Achieving Payback on your VoIP Investment
BY Michael Burrell
The economic case for VoIP has become so strong that most large companies cannot afford the luxury of postponing the decision whether to migrate to this technology. In fact, many are already well on their way with tactical implementations. According to In-Stat/MDR, the percentage of U.S. companies using VoIP will rise from two percent in 2003, to 19 percent in 2007. Meanwhile, Yankee Group reports that sales of IP-based telephony systems are currently running level with those of traditional systems, and will overtake them by 2006. Some analysts are also pointing to 2006 as the year when IP phones take over original digital phones.
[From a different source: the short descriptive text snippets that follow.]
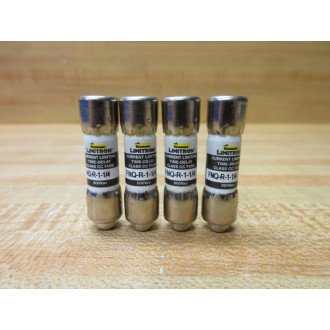 Buss FNQ-R-1-14 Bussmann Fuse Cross Ref 6F112 (Pack of 4)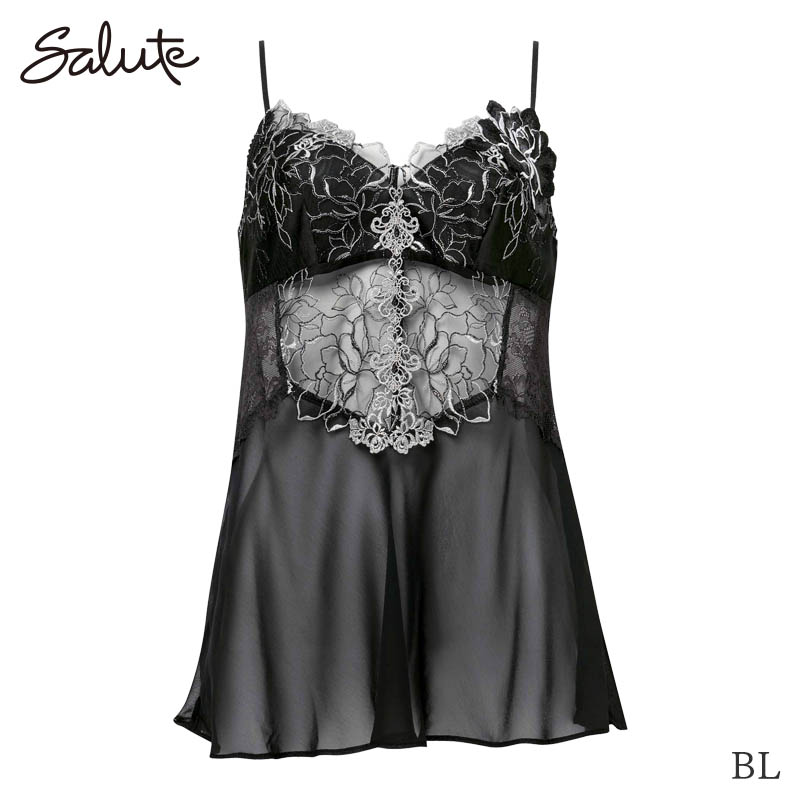 サルート（SALUTE） Salute 17グループ ワコール キャミソール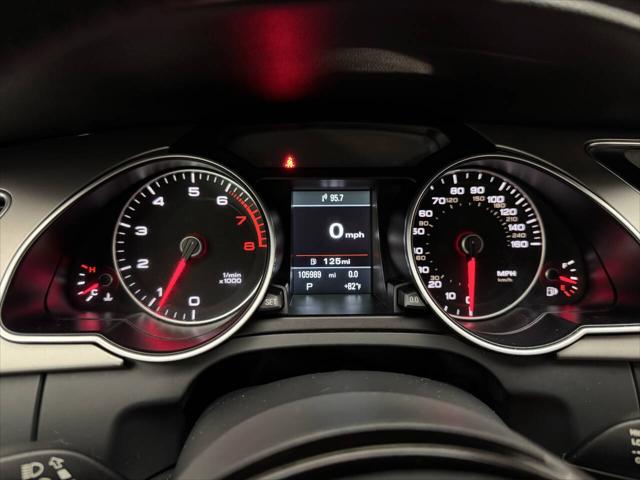 2014 Audi A5 2.0T Premium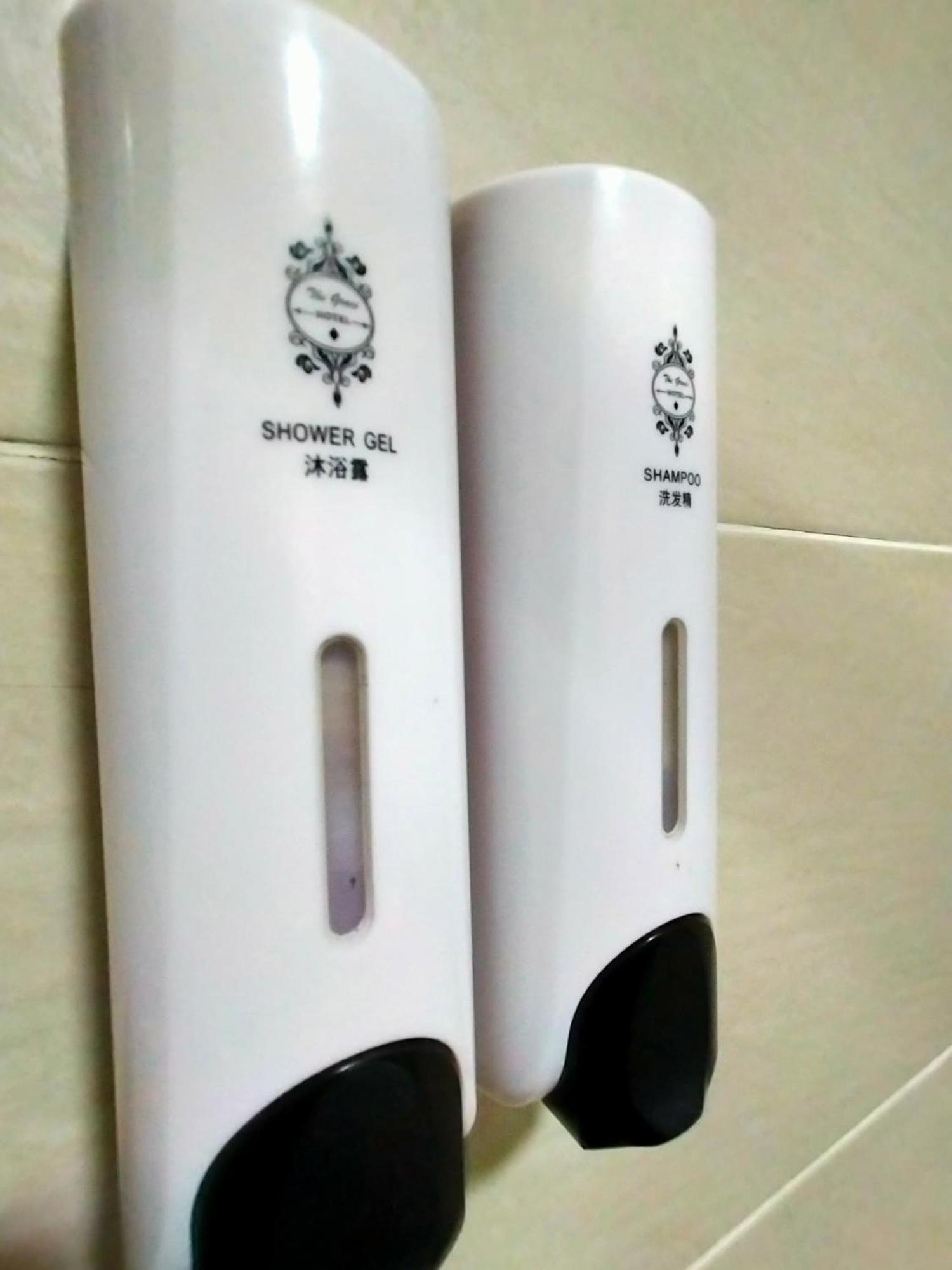 The Grace Hotel Muar Esterno foto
Clearly, VoIP is gaining widespread acceptance. While this will be a long-term migration, it will ultimately be driven by potential positive ROI. The speed of payback could be even quicker in Greenfield sites — anywhere from six to nine months. The greatest challenge for companies considering VoIP is to steer their way through the hype and determine if choosing this route is the appropriate next step in their network evolution.
Now for the reality check: embarking on an initiative that will result in a dramatic shift from traditional tried-and-true technology will undoubtedly make the corporate powers that be shudder with fear, especially if their perception of VoIP is based only on Internet telephony experience. Crafting a plan featuring specific benchmarks, best practices and real-world data, however, will go a long way toward receiving buy-in at the C-level. Just as important, it will ensure a smooth migration to VoIP without sacrificing the current quality of service.
MAKING THE CASE
Before embarking on any shift in technology strategy, network managers must do their homework. In this case, the assignment is determining whether VoIP is in their organization’s best interest to pursue. Questions that require answers include:
- What will your organization’s costs from a given country be?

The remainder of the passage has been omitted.